> **INPUT FOR THIS TASK**
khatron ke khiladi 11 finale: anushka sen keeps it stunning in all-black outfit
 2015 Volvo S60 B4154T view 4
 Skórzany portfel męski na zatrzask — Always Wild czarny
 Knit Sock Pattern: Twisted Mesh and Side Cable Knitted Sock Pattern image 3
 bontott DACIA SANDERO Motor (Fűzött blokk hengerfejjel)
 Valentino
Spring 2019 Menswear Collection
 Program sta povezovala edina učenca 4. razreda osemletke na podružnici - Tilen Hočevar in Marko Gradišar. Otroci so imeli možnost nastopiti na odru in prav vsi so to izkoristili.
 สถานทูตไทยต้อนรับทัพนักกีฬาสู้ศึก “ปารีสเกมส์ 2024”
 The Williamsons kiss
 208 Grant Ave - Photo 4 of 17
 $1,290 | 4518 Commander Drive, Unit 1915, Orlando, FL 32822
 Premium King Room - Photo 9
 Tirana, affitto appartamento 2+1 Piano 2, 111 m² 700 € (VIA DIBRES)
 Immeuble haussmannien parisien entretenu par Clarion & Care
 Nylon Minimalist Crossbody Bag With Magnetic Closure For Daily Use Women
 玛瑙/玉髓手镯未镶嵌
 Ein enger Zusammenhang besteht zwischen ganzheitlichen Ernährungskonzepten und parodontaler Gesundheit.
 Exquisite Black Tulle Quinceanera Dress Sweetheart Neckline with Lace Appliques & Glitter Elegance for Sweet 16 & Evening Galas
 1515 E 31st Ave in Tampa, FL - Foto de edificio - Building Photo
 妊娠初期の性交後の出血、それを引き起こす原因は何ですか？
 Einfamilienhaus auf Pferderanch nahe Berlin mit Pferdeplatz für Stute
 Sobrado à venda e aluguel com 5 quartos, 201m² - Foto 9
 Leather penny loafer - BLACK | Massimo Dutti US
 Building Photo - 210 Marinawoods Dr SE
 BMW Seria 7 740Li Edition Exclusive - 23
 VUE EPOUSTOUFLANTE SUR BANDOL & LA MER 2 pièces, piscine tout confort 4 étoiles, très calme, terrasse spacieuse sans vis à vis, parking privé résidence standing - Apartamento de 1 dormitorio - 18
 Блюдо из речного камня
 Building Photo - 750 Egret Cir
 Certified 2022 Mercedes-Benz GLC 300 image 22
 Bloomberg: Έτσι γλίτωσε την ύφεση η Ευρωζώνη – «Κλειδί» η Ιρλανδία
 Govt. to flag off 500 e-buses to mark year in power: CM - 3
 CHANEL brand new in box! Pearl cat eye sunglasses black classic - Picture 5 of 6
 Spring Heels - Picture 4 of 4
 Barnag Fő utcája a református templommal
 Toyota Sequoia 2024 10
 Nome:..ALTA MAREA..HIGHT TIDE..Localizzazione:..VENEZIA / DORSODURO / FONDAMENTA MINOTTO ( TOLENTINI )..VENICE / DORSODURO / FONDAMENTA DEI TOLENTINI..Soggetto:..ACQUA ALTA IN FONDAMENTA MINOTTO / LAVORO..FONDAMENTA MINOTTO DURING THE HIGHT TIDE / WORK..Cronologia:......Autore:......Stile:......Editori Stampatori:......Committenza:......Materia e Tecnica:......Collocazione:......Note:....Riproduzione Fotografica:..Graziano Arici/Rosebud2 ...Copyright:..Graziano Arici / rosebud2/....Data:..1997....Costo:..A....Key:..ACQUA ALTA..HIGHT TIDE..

> **WORK REQUEST**
Copy, from the lines above, each one that holds "Photo".

> **ANSWER BOX**
 208 Grant Ave - Photo 4 of 17
 Premium King Room - Photo 9
 1515 E 31st Ave in Tampa, FL - Foto de edificio - Building Photo
 Building Photo - 210 Marinawoods Dr SE
 Building Photo - 750 Egret Cir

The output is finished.